"A dor nas costas vem das costas, a dor de estômago vem do
estômago, a dor de cabeça vem da cabeça.
E sua dor existencial, vem de onde?
Ela vem da história que você meio que viveu, meio que criou – é sabido
que contamos para nós mesmos uma narrativa que nem sempre bate com os fatos.
Nossa memória da infância está repleta de fantasias e leituras
distorcidas da realidade.
Mesmo assim é a história que decidimos oficializar e passar adiante, e
dela resultam muitas de nossas fraturas emocionais.
Nossa dor existencial vem também do quanto levamos a sério o que dizem
os outros, o que fazem os outros e o que pensam ou outros.
Uma insanidade, pois quem é que realmente sabe o que pensam os outros?
Pensamos no lugar deles e sofremos por esse pensamento imaginado.
Nossa dor existencial vem dessa transferência descabida.
Nossa dor existencial, além disso, vem de modelos projetados como
ideais, a saber: é melhor ser vegetariano do que comer carne, fazer faculdade
de medicina do que hotelaria, namorar do que ficar sozinho, ter filhos do que
não ter.
E isso tudo vai gerando uma briga interna entre quem você é e entre quem
gostariam que você fosse, a ponto de confundi-lo.
Existe mesmo uma lógica nas escolhas?
Como se não bastasse, nossa dor existencial vem do que não é escolha,
mas destino: quem é muito baixinho,ou tem cabelo muito crespo, ou é pobre de
amargar, ou tem dificuldade de perder peso vai transformar isso em uma pergunta
irresponsável - por que eu? - E a falta de resposta será uma cruz a ser
carregada.
Nossa dor existencial vem da quantidade de nãos que recebemos,
esquecidos que somos de que o "não" é apenas isso, uma proposta
negada, um beijo recusado, um adiamento dos nossos sonhos, uma conscientização
das coisas como elas são, sem a obrigatoriedade de virarem traumas ou convites
à desistência.
Nossa dor existencial vem do bebê bem tratado que fomos. Nada nos faltava,
éramos amamentados, tínhamos as fraldas trocadas, ninavam nosso sono, até que
um dia crescemos e o mundo nos comunicou: agora se vire, meu bem.

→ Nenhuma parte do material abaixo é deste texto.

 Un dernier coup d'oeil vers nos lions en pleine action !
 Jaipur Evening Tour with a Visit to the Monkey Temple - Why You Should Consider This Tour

Injustiça fazer isso com uma criança! Ou alguém aí por acaso deixou de
ser criança?
Nossa dor existencial vem da incompreensão dos absurdos, da nossa revolta pelos
menos favorecidos, da raiva por não atenderem nossos chamados, por cada
amanhecer cheio de promessas, pela precariedade das nossas melhores intenções e
pela invisibilidade que nos outorgamos: por que nunca ninguém nos enxerga como
realmente somos?
Dor de dente vem do dente, dor no joelho vem do joelho, dor nas juntas vem das
juntas.
Nossa dor existencial vem da existência, que nenhum plano de saúde
cobre, de tão difícil que é encontrar seu foco e sua cura".